Sunday 28 October 2012

Increasing risk aversion hits precious metals


As pointed out over the last few weeks, the risk on and risk off trades of investors not only move stock and the safe haven government bond, but also the metals markets. Given the movements of the major fundamental drivers over the last week, gold and silver held quite well, while the PGMs and other industrial metals have been hit hard. However, is the pessimism among investors and traders really justified?

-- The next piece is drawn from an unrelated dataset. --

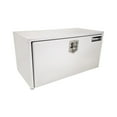 thumbnail image 5 of Buyers Products Blk Steel Underbody Truck Box W/T-Handle 1703324, 5 of 7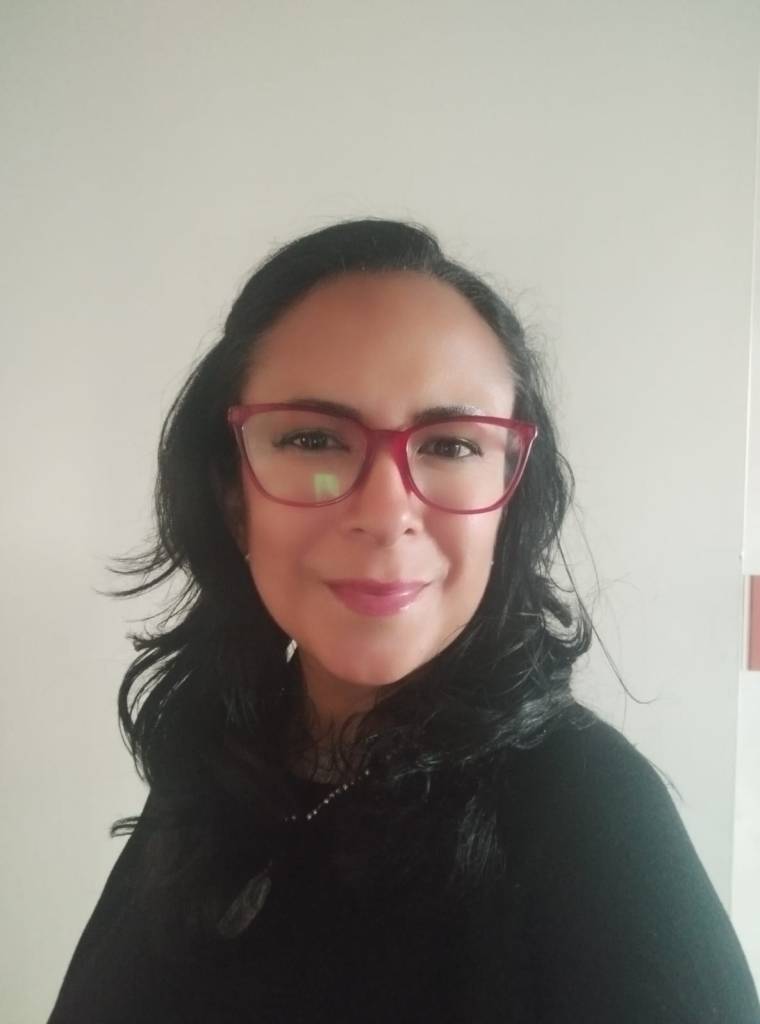 Psicoterapeuta Centro del Bienestar Integral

Economic data released during the course the week in the two major economies came in stronger than expected. In China, the flash estimate of the HSBC manufacturing PMI increased from 47.9 to 49.1. While this reading is still below the threshold of 50, it is the turn-around that matters. Also the recent Chinese data on Q3 GDP growth showed a strong 9% annualized quarter-on-quarter growth, which also points to a rebound. These figures are good indications that the slow-down of the Chinese economy has come to an end. Also US economic data surprised positively. The GDP growth increased from 1.3% in the second quarter to 2.0% in Q3 according to the first estimate. Durable goods orders rose 9.9% on the month, while the consensus was looking for a smaller rebound. Also the core durable goods orders rose stronger than predicted by 2.0% while the consensus expected only an increase of 0.8%. Nevertheless, the US stock market ended the week lower.

We pointed out over the last two weeks, that many corporate companies give a very cautious outlook for their business going forward. To some extent, this is part of a strategy to dampen expectations of analysts, which then makes it easier to beat earnings estimates in the next quarter. However, to some extent, it also reflects the uncertainty by business leaders. Again, the Fed did not provide a positive guidance. The assumption that business leaders base their decisions on rational expectations had been falsified by reality again and again. Akerlof and Shiller were right in pointing out that animal spirits, a term coined by Keynes, have a strong influence on decisions. Thus, part of any economic policy should be to influence the psychology of decision makers. The FOMC statements of the latest two meetings appear more as a self-defense for the implementation of QE3 instead of providing an encouraging outlook now that QE3 has started. Therefore, it appears that investors’ sentiment is worse than justified by the economic data and outlook of the two major economies.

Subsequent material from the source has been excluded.